Problem is from time to time, I get internal server error 500.

And log files say this:

PHP Fatal error: Call to a member function find() on a non-object in /Library/WebServer/Documents/words/lib/scraper-functions.php on line 432

Is this because cURL times out? Anything I can do to avoid this? So if cURL doesn't return anything call the function again so I get content at some point?

halfer
  • 19,824
  • 17
  • 99
  • 186
  • 1
    If you want to scrape in PHP, consider using Goutte, which wraps cURL nicely. Or if you just want to scrape, and don't actually need to do it in code, look at the free desktop software offered by import.io. – halfer Nov 28 '13 at 20:58
  • @halfer that lib looks fantastic! –  Nov 28 '13 at 21:34
  • Goutte?

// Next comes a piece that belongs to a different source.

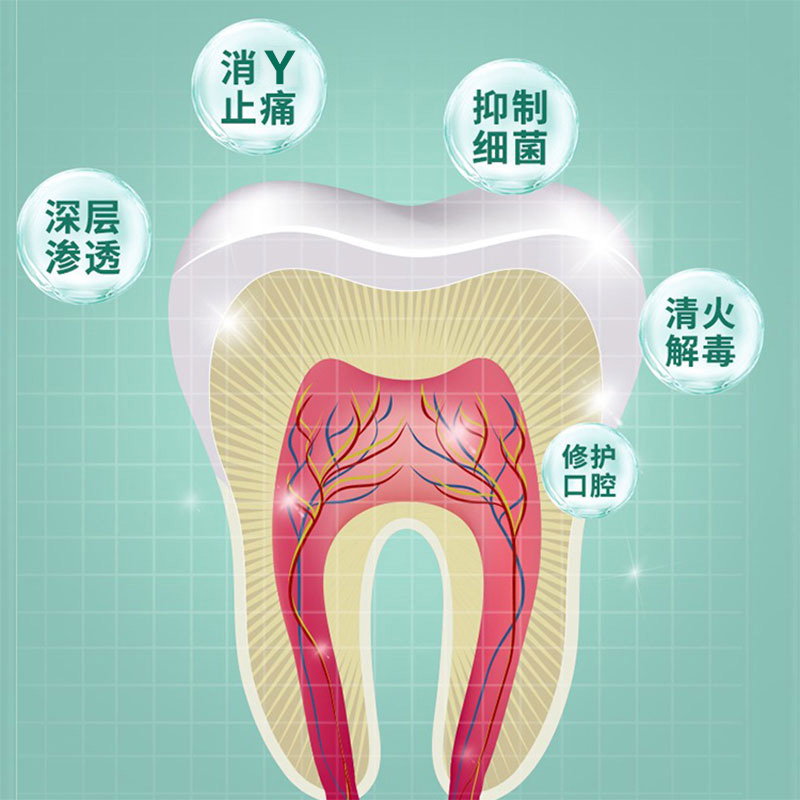 云南本草牙痛宁止疼喷雾剂牙龈上火肿痛牙疼白药牙齿速效草本抑菌-图2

Yes indeed; I'm working on a largish scraping project atm, and it's nothing short of brilliant. Since it uses Guzzle internally, you get all the Symfony2 Event goodness too. – halfer Nov 28 '13 at 21:37

1 Answers1

1

(general advice) Always check your return values for errors:

$output = curl_exec($ch);
if($output === FALSE) {
    // when output is false it can't be used in str_get_html()
    // output a proper error message in such cases
    die(curl_error($ch));
}

... and always read the manual if a functions fails. :) .. There is a section called 'return value' for every function.


Btw, why do you initializing $html = ""; as empty string if you initializing it again on the next line?

hek2mgl
  • 152,036
  • 28
  • 249
  • 266